**** Data provided ****

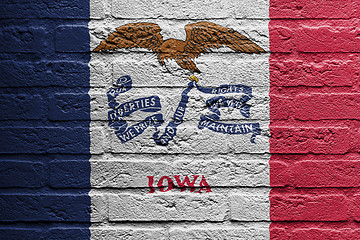 Image showing Brick wall with a painting of a flag, Iowa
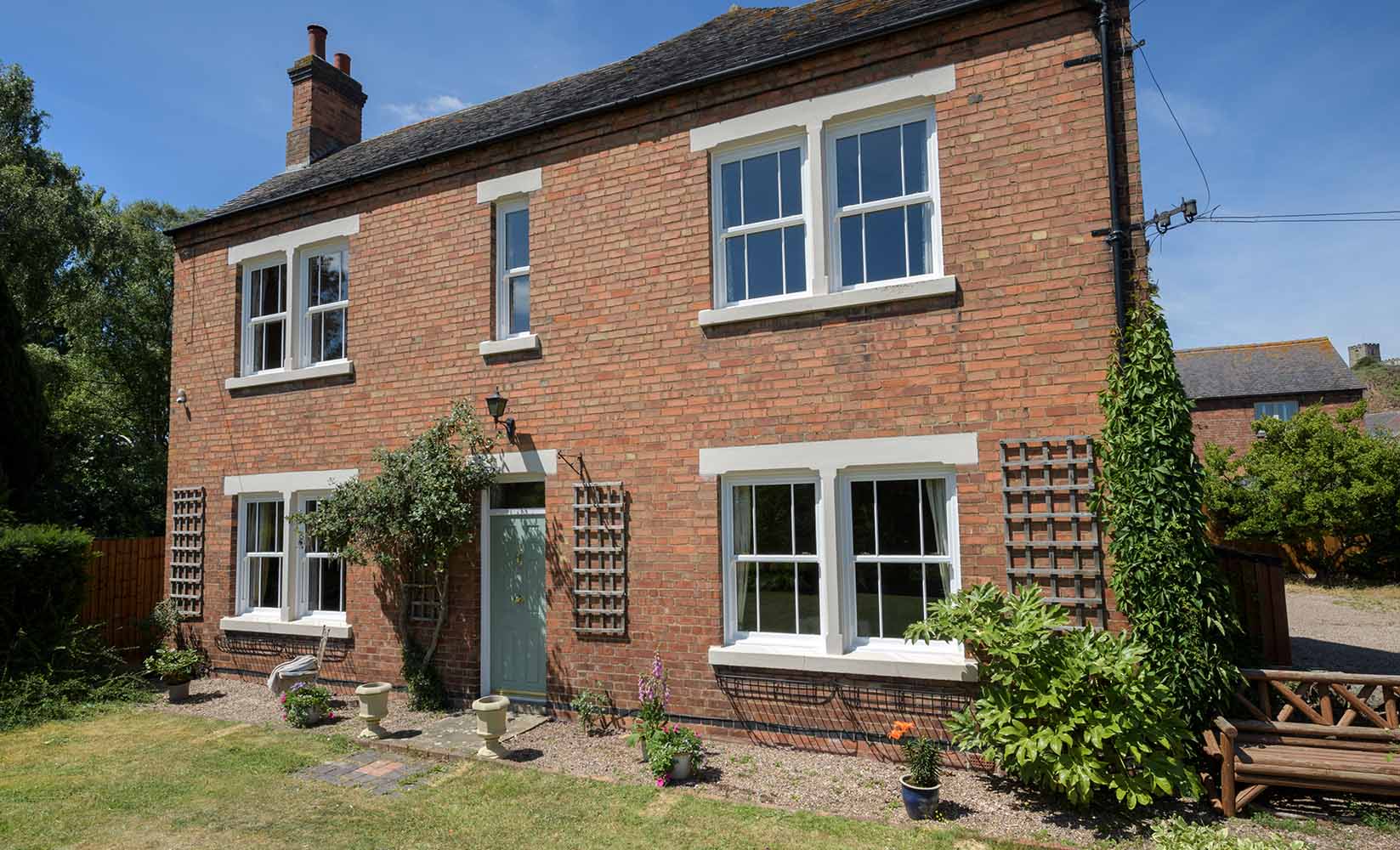 White Sash Windows On Whole House
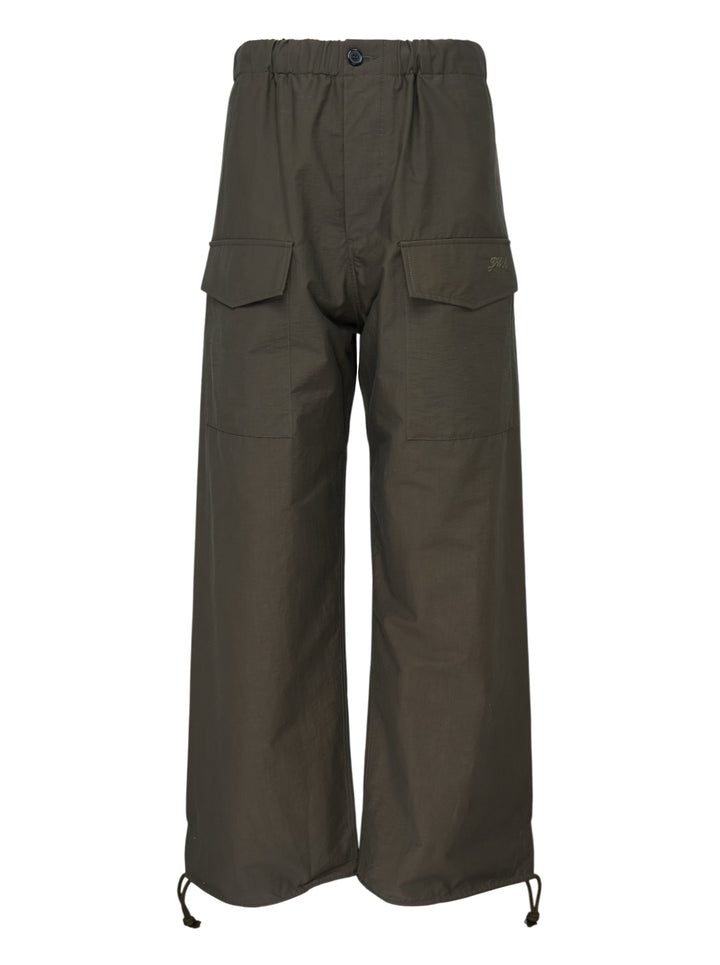 JW Anderson olive textured parachute track pants with wide legs, flap cargo pockets, elasticated waist and drawcord hems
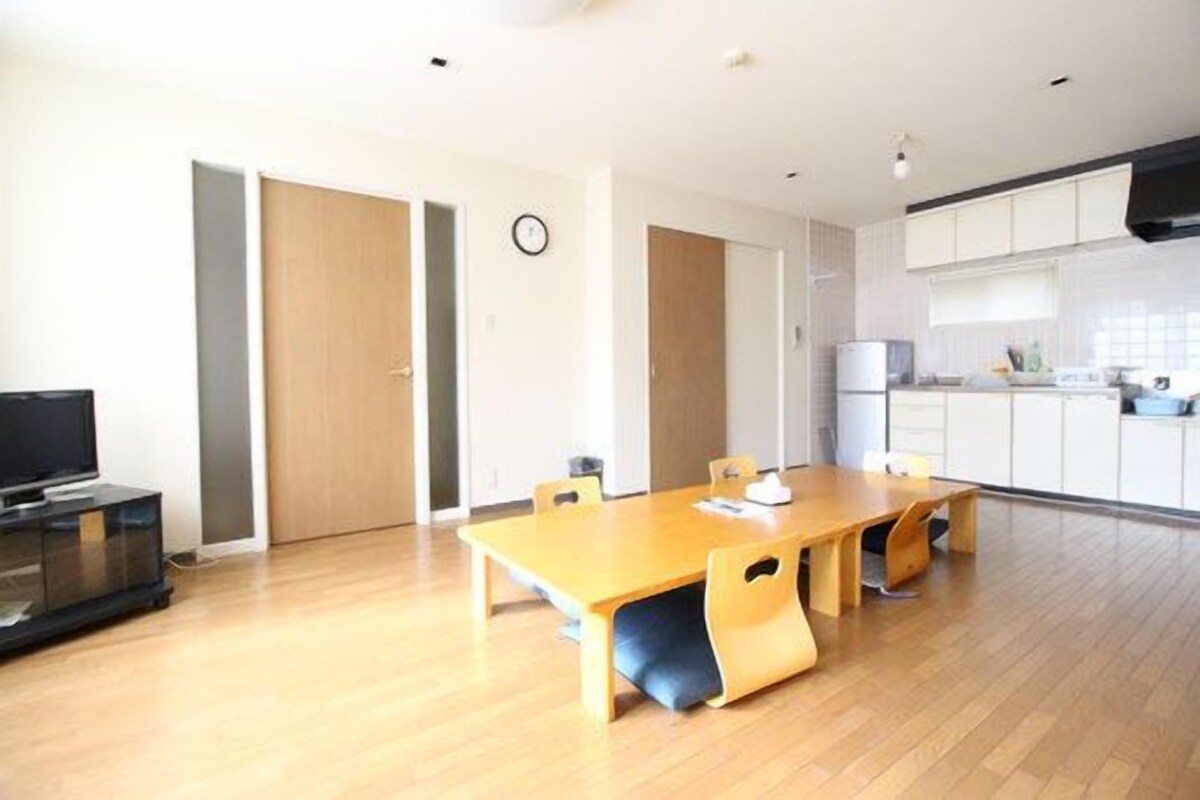 Een moderne keuken met witte kasten en een houten eettafel.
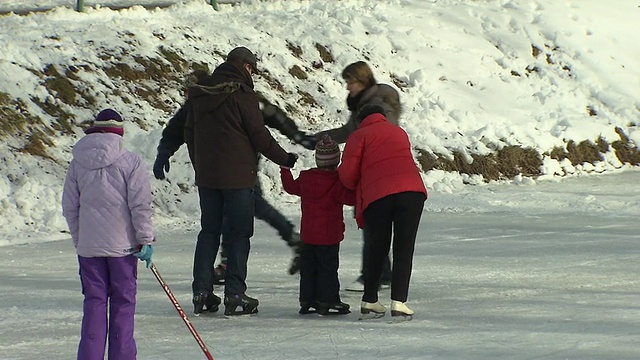 尼芬堡，两个大人和一个孩子在溜冰，雪，冰冻的河视频素材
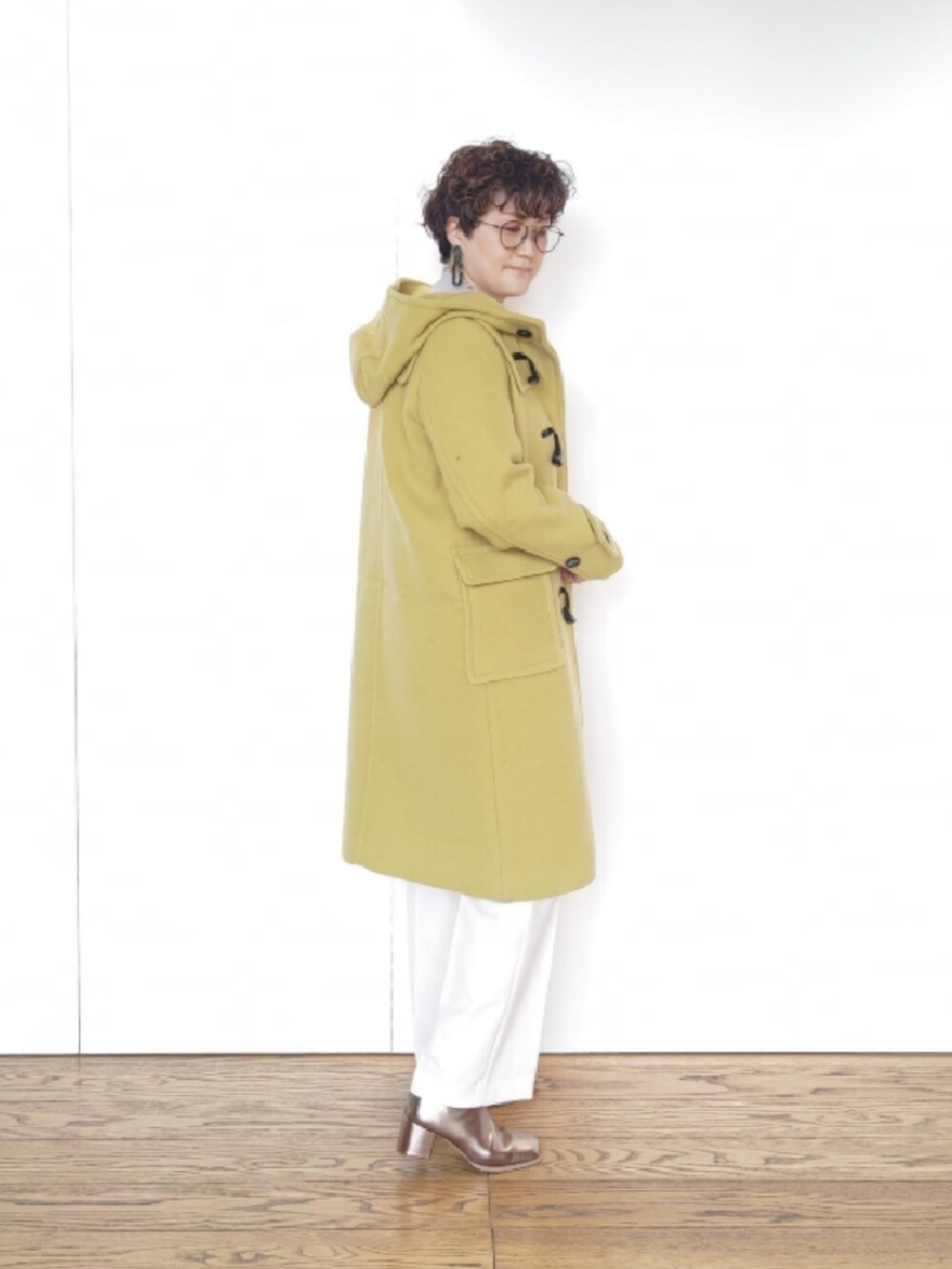 その他のブーツ、イエロー系のその他アウター、ホワイト系のその他パンツを着用したレディースの冬コーディネートの2枚目の写真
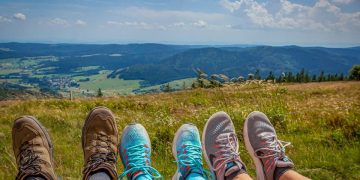 Picture of three ramblers' boots looking over the countryside.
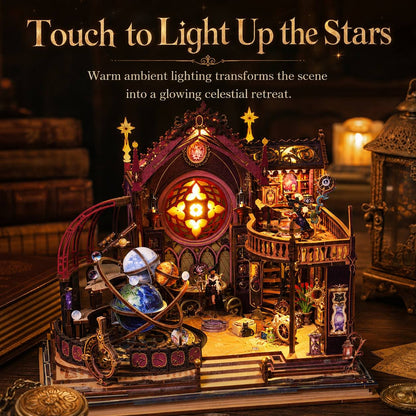 A miniature gothic-style celestial observatory and house light-up set displayed on a dark wooden surface. The scene includes warm glowing interior lights, stars, planets, books, and decorative props, with large text at the top reading 'Touch to Light Up the Stars.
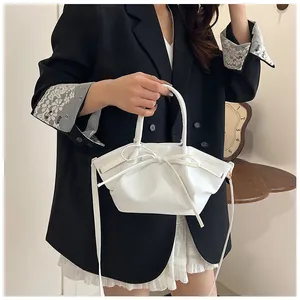 Detailed view of white pleated handbag featuring a decorative bow and curved handle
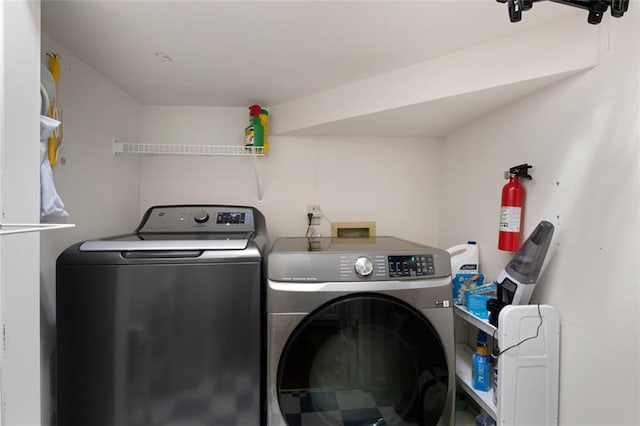 clothes washing area with washer and dryer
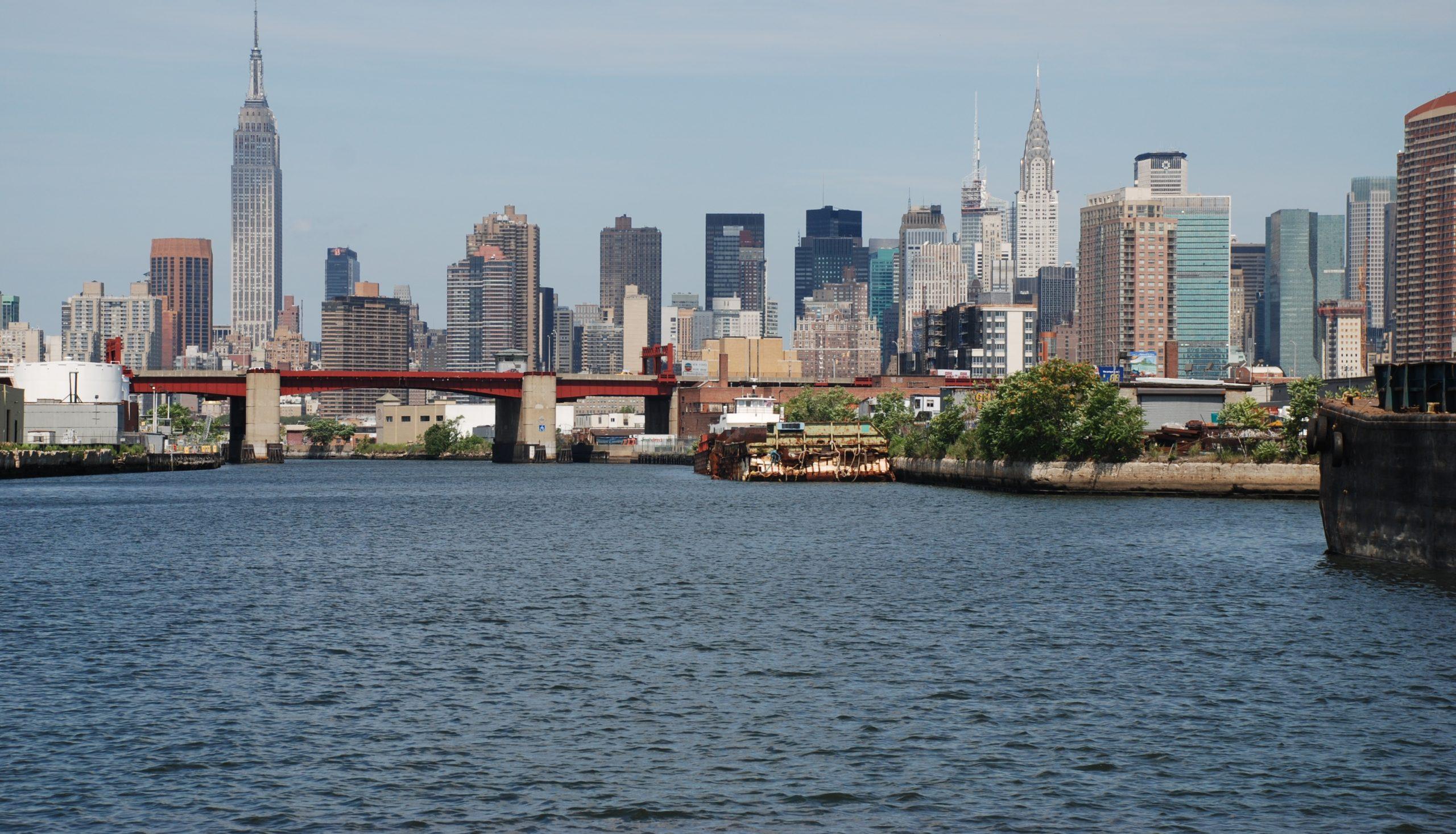 Named for a tributary that feeds into the East River and separates Brooklyn from the Queens, the waterfront site offers spectacular views of mid-town Manhattan.
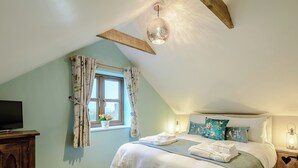 Un dormitorio con cama, televisor, ventana con cortinas, mesita de noche con lámpara y luz de techo.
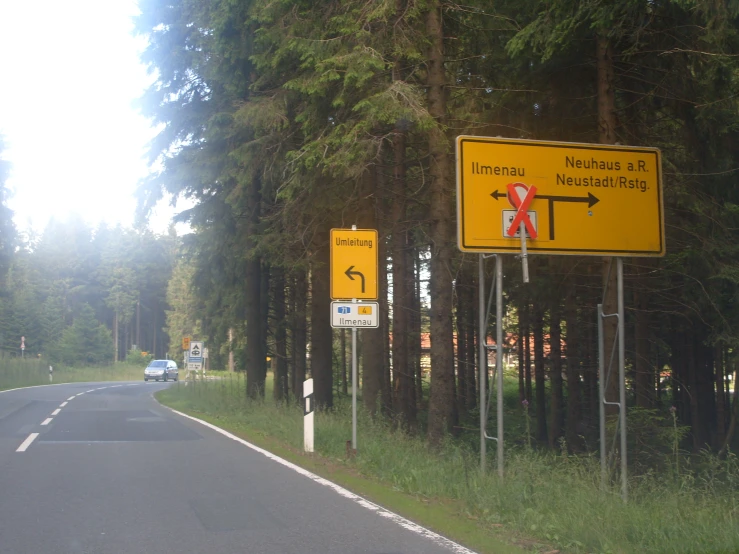 a couple of signs next to a road in the forest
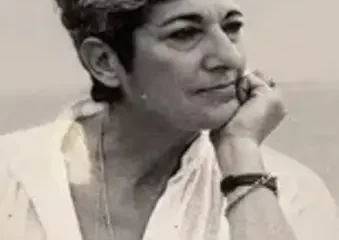 Black-and-white portrait of contemplative woman resting chin on hand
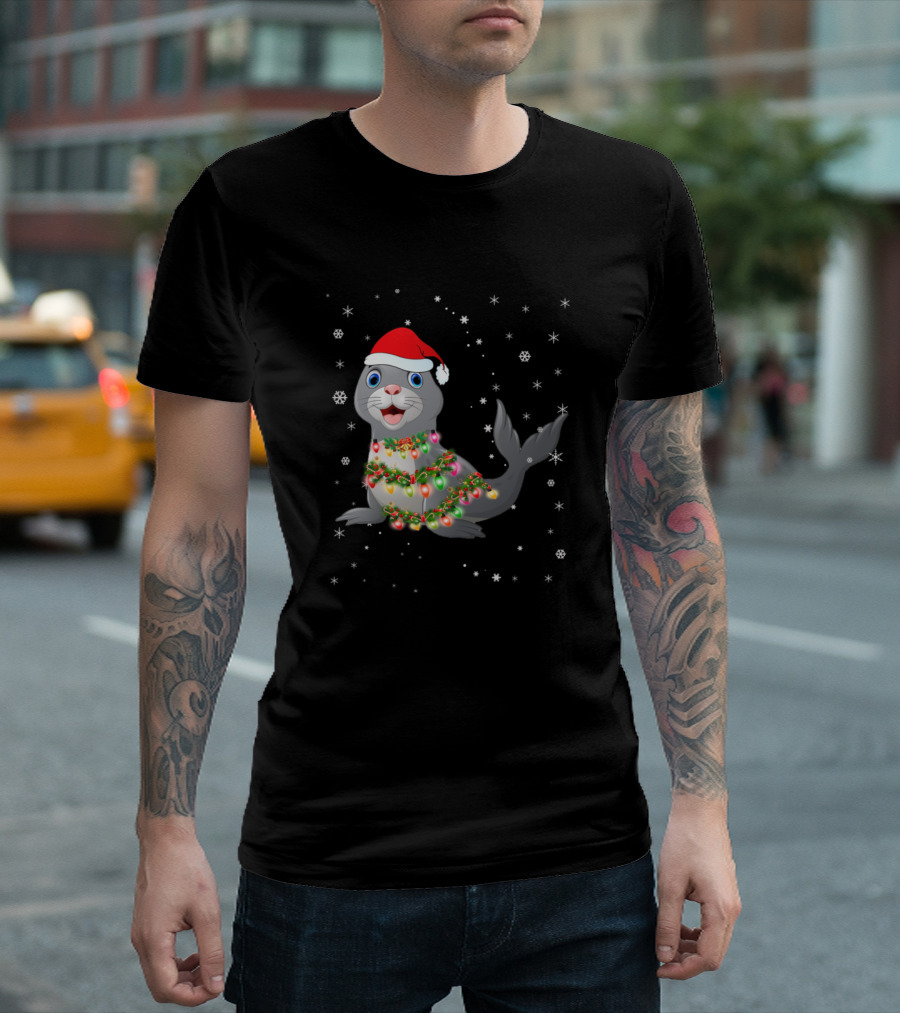 Festive Seal Wrapped in Christmas Lights and Santa Hat Amidst Snowflakes T-Shirt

****

What is required: Which lines run from the one containing "a couple of" to the end of the entries above? Write them out exactly, leaving out every picture.

Answer to the exercise:
 a couple of signs next to a road in the forest
 Black-and-white portrait of contemplative woman resting chin on hand
 Festive Seal Wrapped in Christmas Lights and Santa Hat Amidst Snowflakes T-Shirt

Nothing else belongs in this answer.